Turning the tortoise into a hare

It’s difficult to use sequence-based discovery with conventional antibodies because the light and heavy chains have different genes. “If we just sequence all the antibody genes from an immunized animal, it’s hard to know which light chains go with which heavy chains,” said Alan Russell, vice president, Biologics. “By getting rid of the light chain, we can think about discovery in a digitally transformed way. We can turn the tortoise into a hare.”

Scientists at Teneobio have used sequencing to sort through large repertoires of antibody genes, group antibodies into related sequence families and rank those most likely to have high affinity for a target antigen. “It’s a simple equation,” said Harris. “The more abundant an antibody sequence is within a sequence family, the more likely it is that the antibody will be specific for its antigen.”

Sequencing can also pinpoint some potential limitations, such as amino acid sequences associated with less stable or hard-to-manufacture antibodies. By rapidly finding good binders and weeding out problems, sequence-based screening allows scientists to focus their lab-based testing on a smaller selection of high-quality molecules. It also accelerates the job of assembling binders, like beads on a string, into multispecific drug formats.

In the long run, this new technology opens the door to dramatic improvements by facilitating in silico drug design. “Eventually, we can use computers to help us make digital libraries of antibodies and then use those libraries to understand which sequences provide the best leads,” said Russell.

To make progress, in silico methods need to work hand-in-glove with lab work in an iterative cycle. Computers can predict the best antibodies based on their sequences; scientists can make and test those antibodies, and the results can inform machine learning models and sharpen the accuracy of future predictions.

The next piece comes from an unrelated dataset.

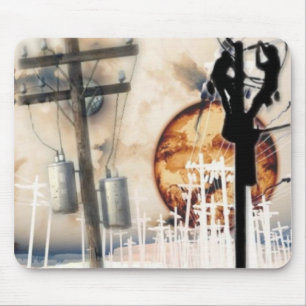 Le tapis de souris du monteur de lignes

“The heavy chain-only platform will allow us to do in silico library design, which has the potential to reduce by as much as two-thirds the time it will take to develop leads and hand them off to the teams that see if those leads actually help patients,” said Russell. “That’s why we are so excited about the platform.”

New options for T cell engagers

Another Teneobio innovation could expand the therapeutic potential of Amgen’s bispecific T cell engagers. T cell engagers are designed to direct the power of the immune system against cancer by directly linking T cells to tumor cells. In some patients, the resulting immune response can lead to a cascade of events, called cytokine release syndrome (CRS), that impact normal tissue as well. While CRS can be mitigated by anti-inflammatory drugs and modified dosing regimens, these measures may reduce or delay a drug’s treatment benefits.

Teneobio has engineered a T cell engager that binds with a very low affinity to the CD3 receptor on T cells. Both high- and low-affinity T cell binders are needed in cancer therapy. Some cancer patients benefit from higher potency, even if it comes with higher cytokine release, while other patients require lower risk of CRS, even if it comes with lower potency. The addition of Teneobio will help Amgen optimize our molecules and provide the right CD3 engager for the right target, the right tumor, and the right patient.

In his comments on the day that Teneobio staff joined Amgen, Deshaies emphasized that the new combined team will be pursuing a highly ambitious research agenda.

“We are not just trying to make a few medicines, which is obviously important in and of itself. We are trying to come up with a whole new class of medicines that will completely reshape how we think about treating patients. That’s incredibly exciting.”